Glutamine Test

Your body's most abundant free amino acid does not usually make it onto a standard blood panel, yet it shifts meaningfully when you are under metabolic stress, fighting severe infection, or dealing with serious illness. In large studies of hospitalized adults, both unusually low and unusually high levels have tracked with worse outcomes, making this one of the more informative readouts of whole-body stress biology.

For someone focused on prevention, this test is less a screening tool and more a research-grade snapshot of how your amino acid balance is holding up.

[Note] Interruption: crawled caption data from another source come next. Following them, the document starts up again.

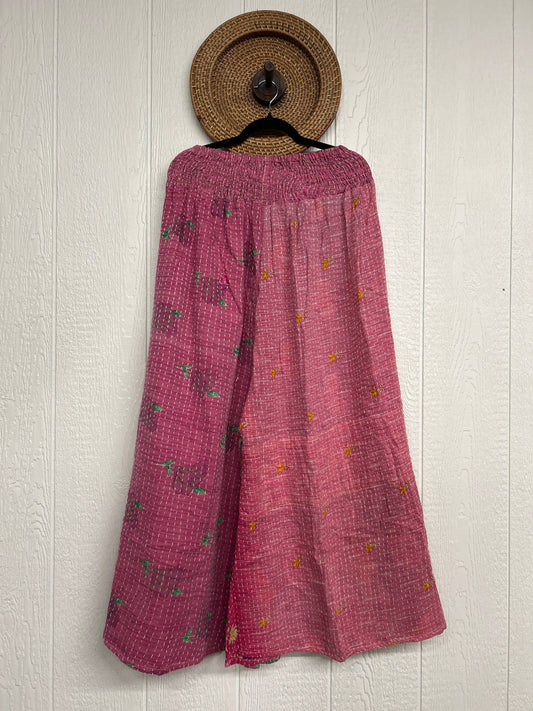 Pareo Kantha Butterfly Pant 1225 079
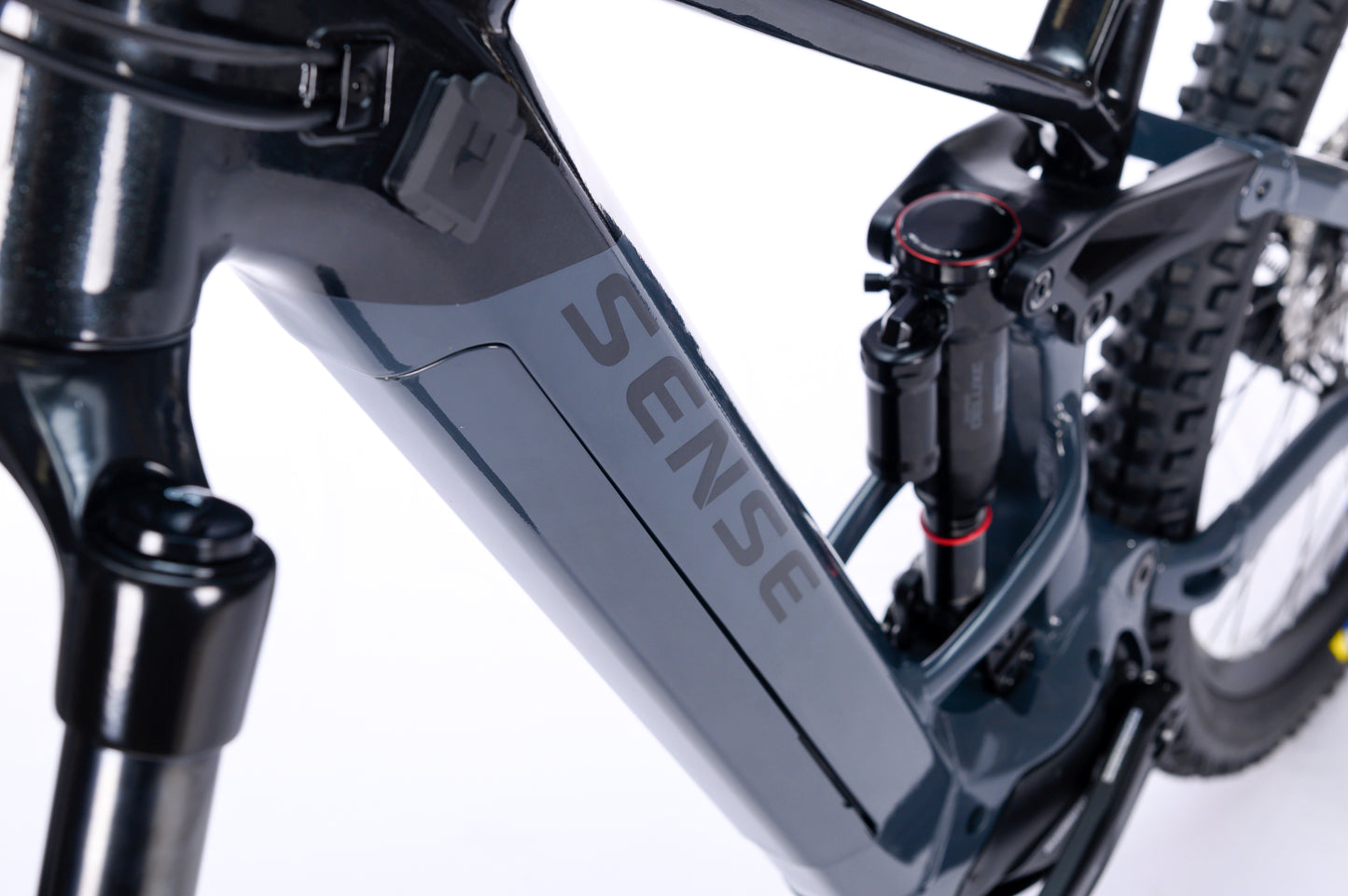 Bicicleta Exalt E-trail AL Comp Forty-5 2025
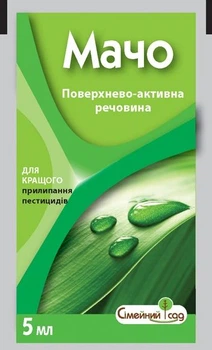 Прилипатель Мачо к.с. 5 мл, Семейный Сад, Украина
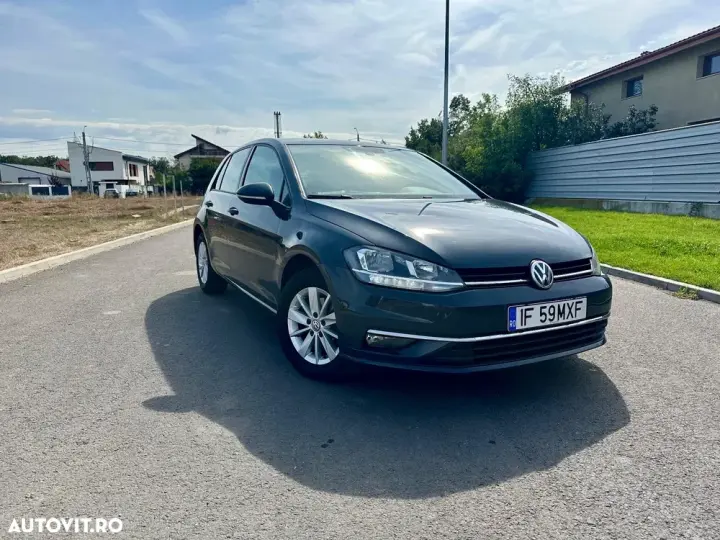 Volkswagen Golf VII 1.6 TDI Highline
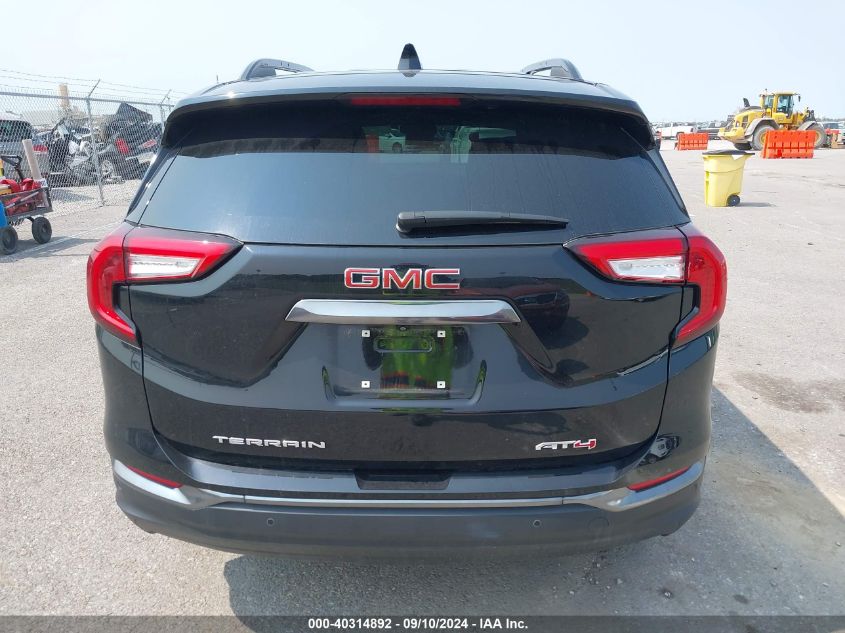 2024 GMC Terrain Awd At4 VIN: 3GKALYEG9RL101221 Lot: 40314892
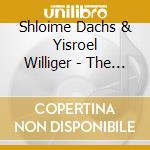 Shloime Dachs & Yisroel Williger - The Wedding Album cd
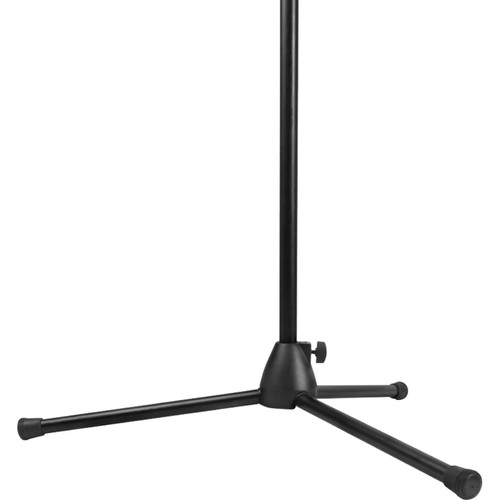 ON STAGE MS8310 - On-Stage Upper Rocker-Lug Mic Stand with Tripod Base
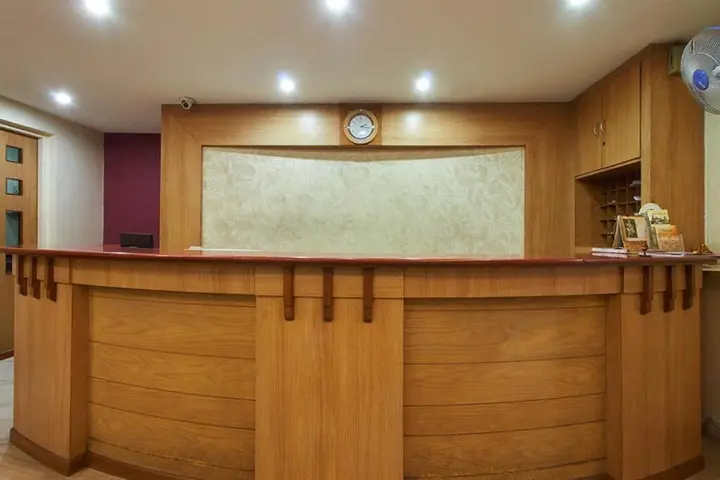 Хидерабад: Hotel O Padmini Near Lakdikapool Metro Station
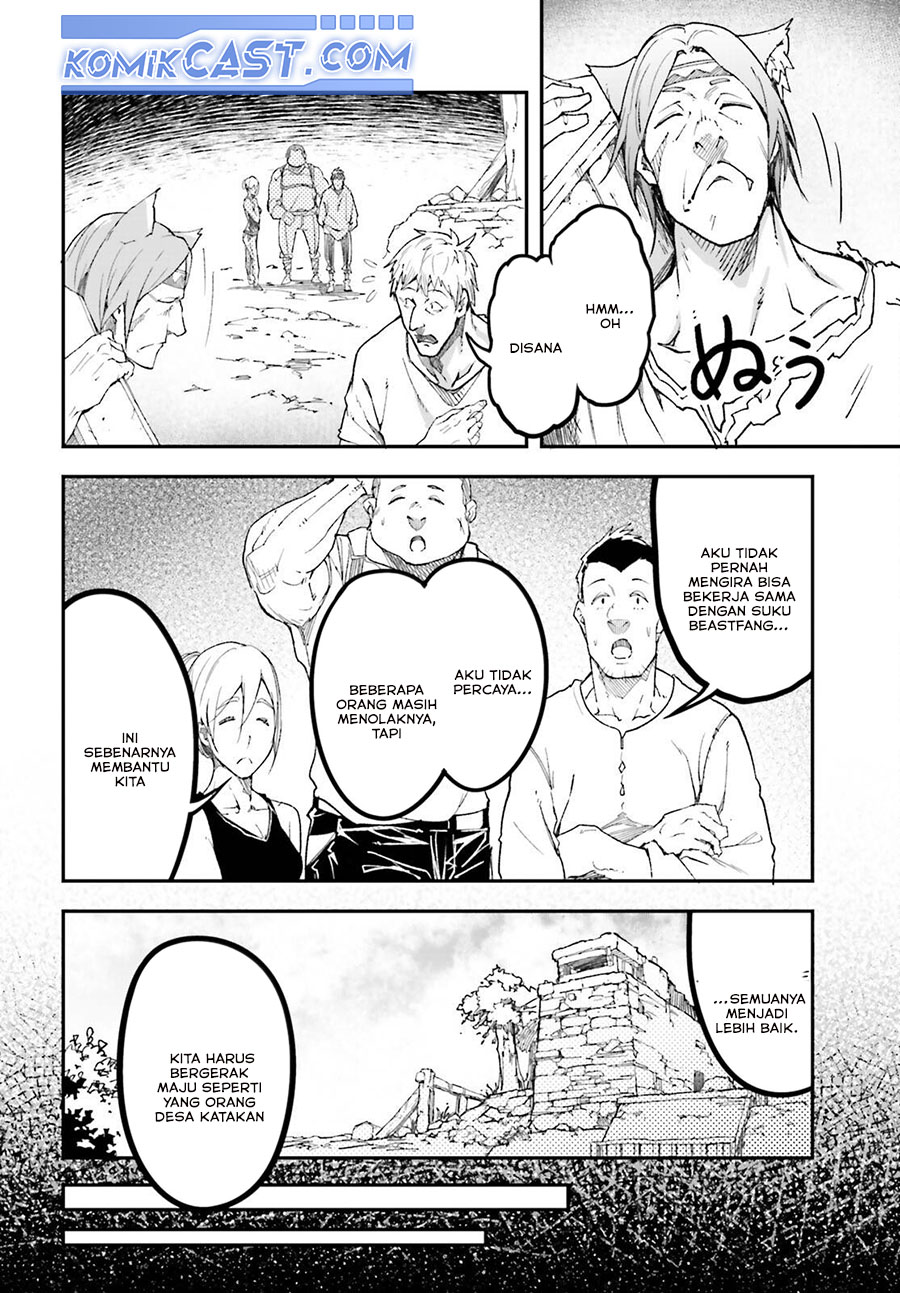 Lv999 no Murabito Chapter 80 Gambar 5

It is a supporting piece of a broader metabolic picture, not a stand-alone answer to any one question.

What This Molecule Actually Does

Glutamine is classified as a conditionally essential amino acid, meaning your body usually makes enough, but demand can outpace supply during illness, major surgery, or heavy training. Skeletal muscle is the primary site of production, while the small intestine, kidneys, and immune cells are heavy consumers.

It acts as a nitrogen shuttle, a fuel for rapidly dividing cells, and a building block for the body's main internal antioxidant (glutathione). In the brain, it is part of the cycle that recycles the main excitatory and calming neurotransmitters between neurons and support cells (astrocytes).

Why Levels Matter in Critical Illness and Sepsis

In the intensive care setting, the glutamine pool behaves like a stress gauge. Both ends of the spectrum carry risk, which is why a single number has to be interpreted in context rather than on a simple "higher is better" scale.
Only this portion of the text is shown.